Your task is to transcribe the records exactly, skipping every image.

[Brief descriptive captions]
----------
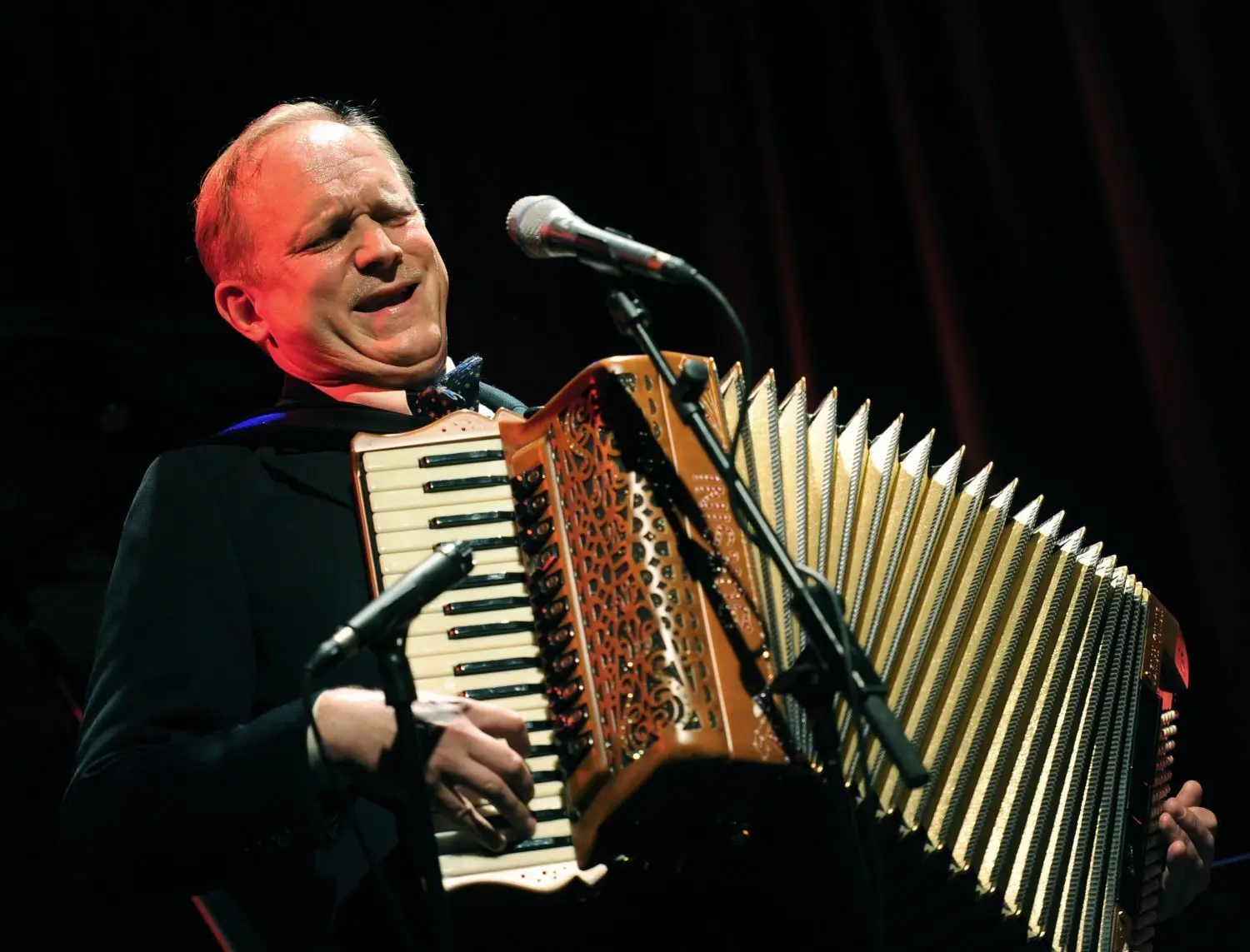 Vielseitig: der Schauspieler, Musiker und Sänger Ulrich Tukur am Akkordeon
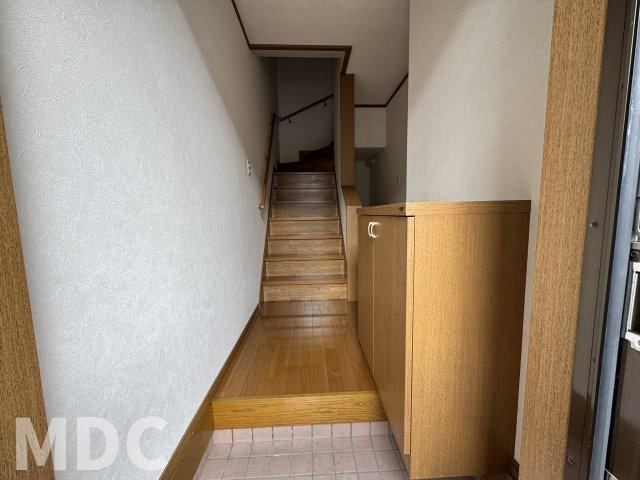 Life館ボナールBの玄関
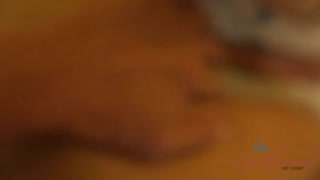 Sexy meisjes in porno - Lily Adams Footjob Leads to Squirting Orgasm op HOT-GIRLS-PORN.COM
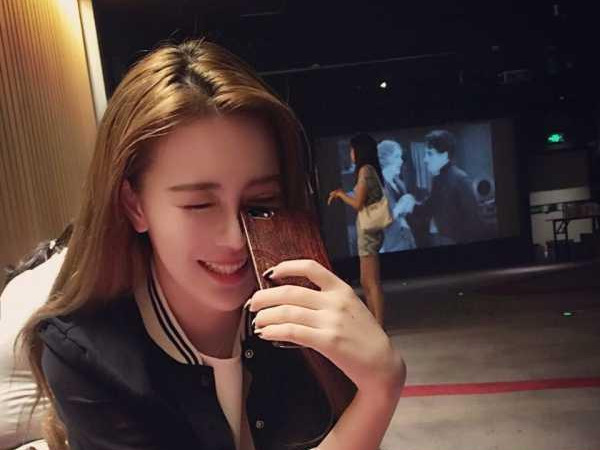 圆脸怎么拍照不显脸圆,圆脸适合什么拍照姿势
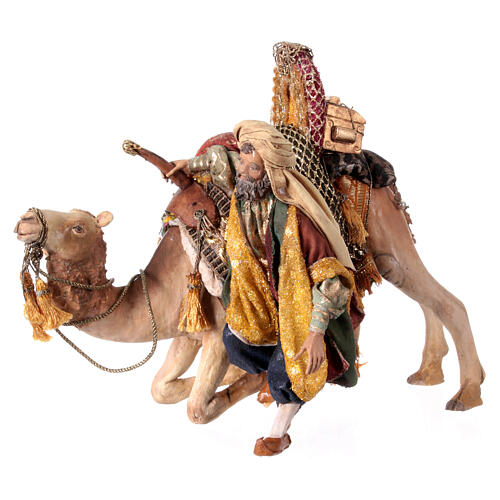 Heiliger König, der vom Kamel absteigt, für 13 cm Krippe von Angela Tripi, Terrakotta 2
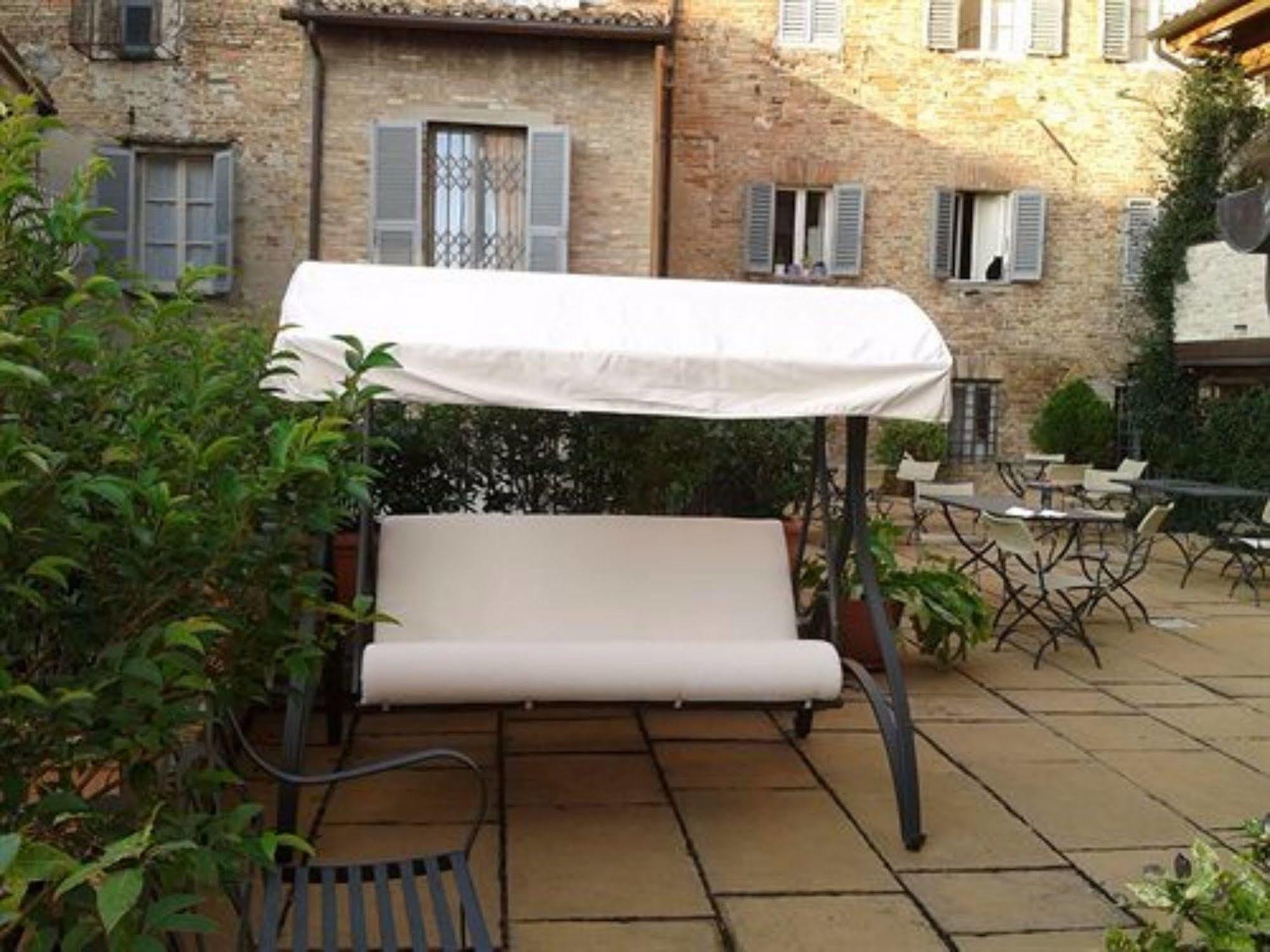 Albergo Italia Urbino Luaran gambar
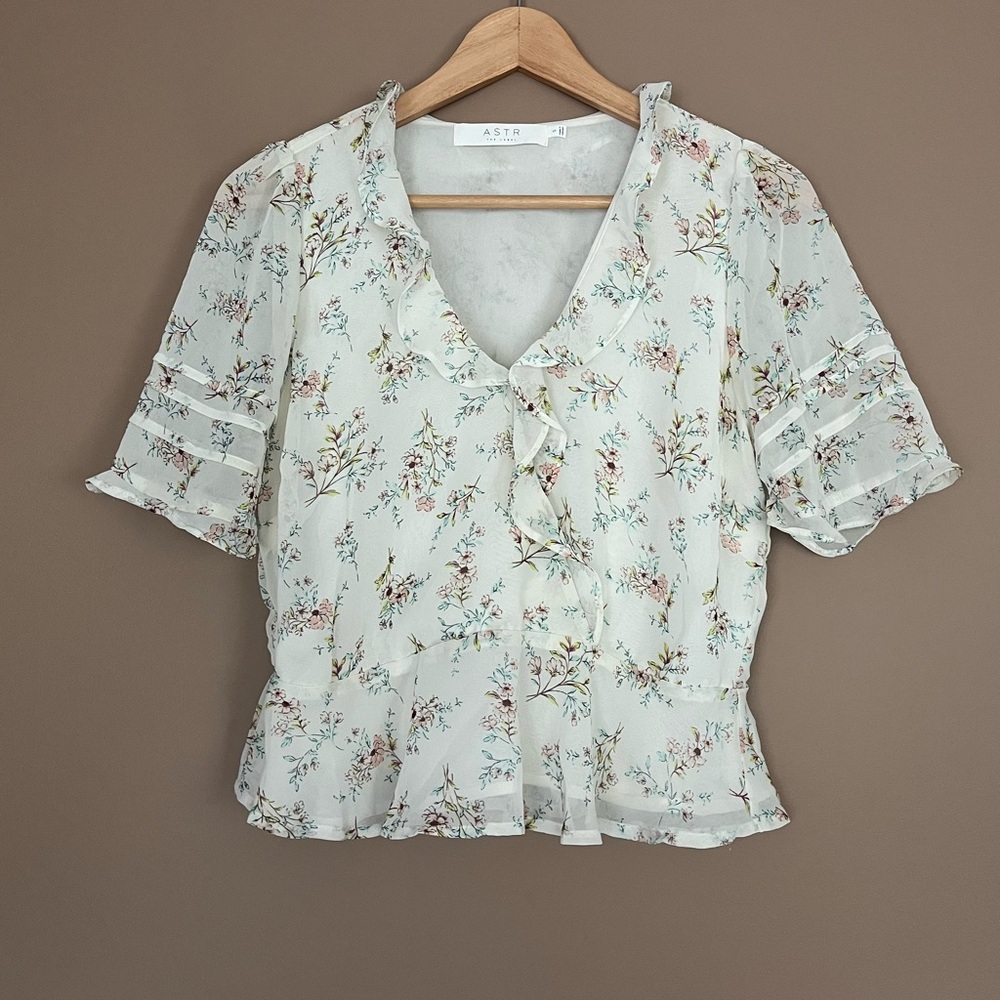 {ASTR The Label} Faux Wrap Floral Short Sleeve Blouse with Peplum Hem - Small
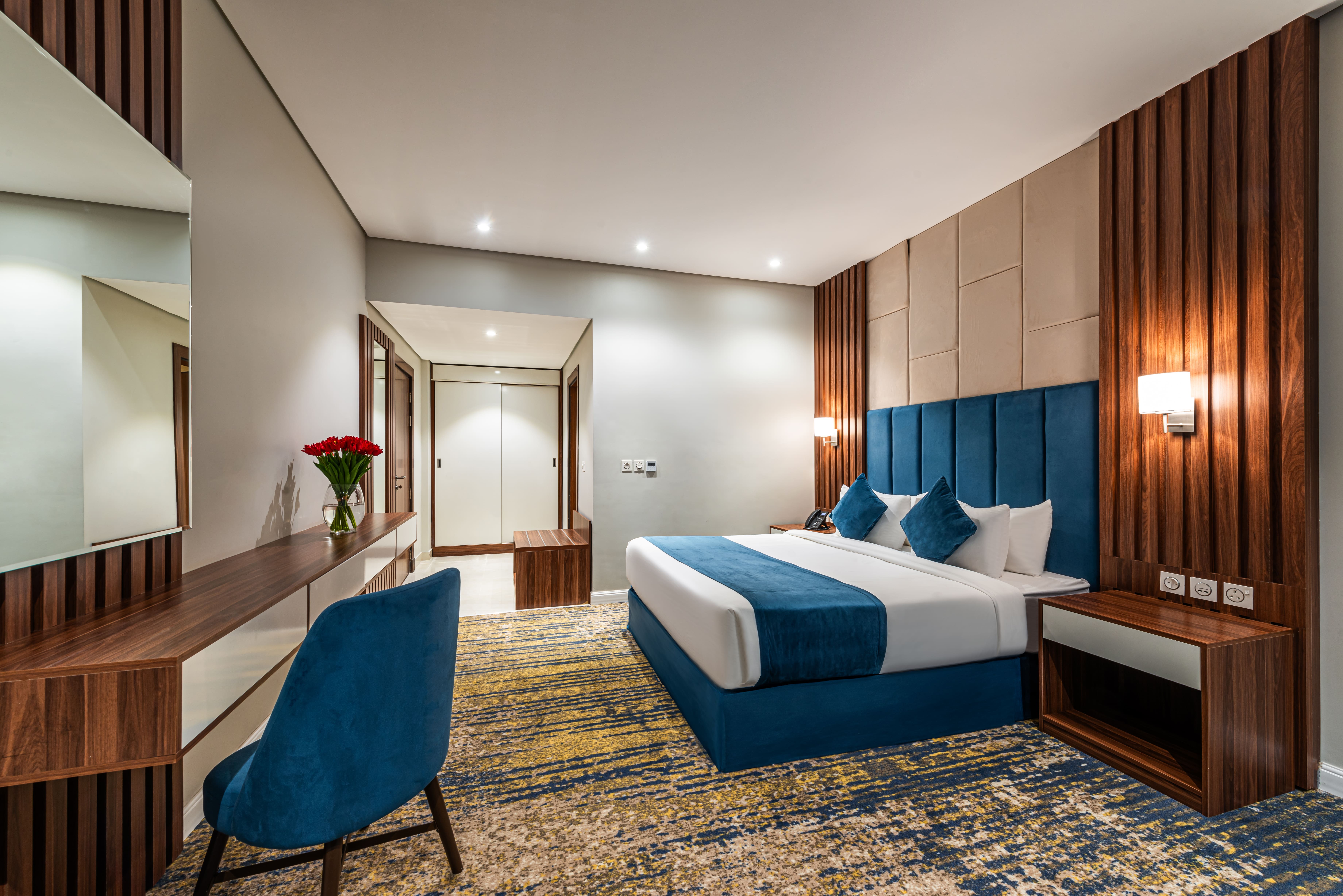 al qasr hotel suites corniche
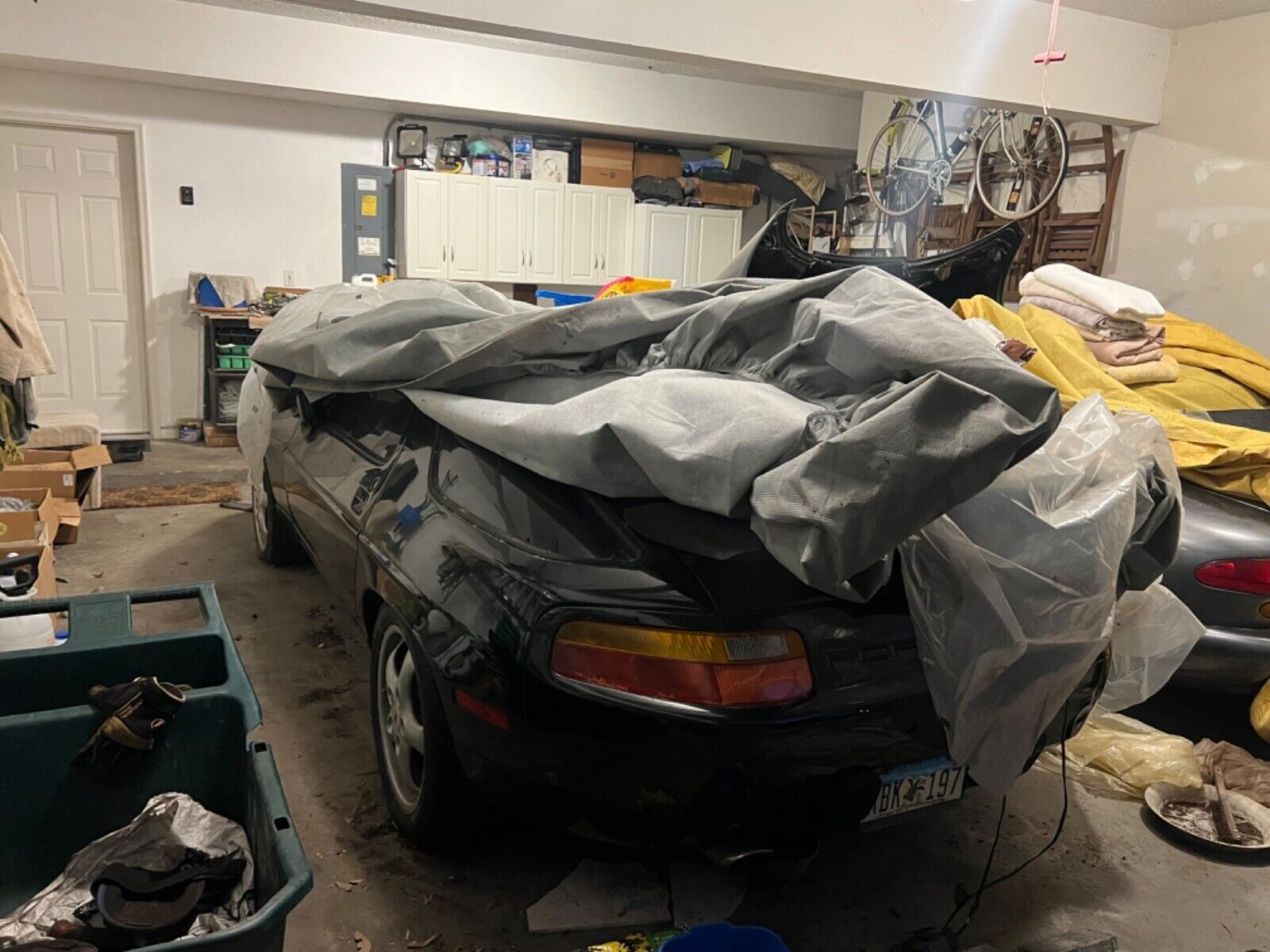 PORSCHE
----------
■ **SOLUTION TO THE PROBLEM**
 Vielseitig: der Schauspieler, Musiker und Sänger Ulrich Tukur am Akkordeon
 Life館ボナールBの玄関
 Sexy meisjes in porno - Lily Adams Footjob Leads to Squirting Orgasm op HOT-GIRLS-PORN.COM
 圆脸怎么拍照不显脸圆,圆脸适合什么拍照姿势
 Heiliger König, der vom Kamel absteigt, für 13 cm Krippe von Angela Tripi, Terrakotta 2
 Albergo Italia Urbino Luaran gambar
 {ASTR The Label} Faux Wrap Floral Short Sleeve Blouse with Peplum Hem - Small
 al qasr hotel suites corniche
 PORSCHE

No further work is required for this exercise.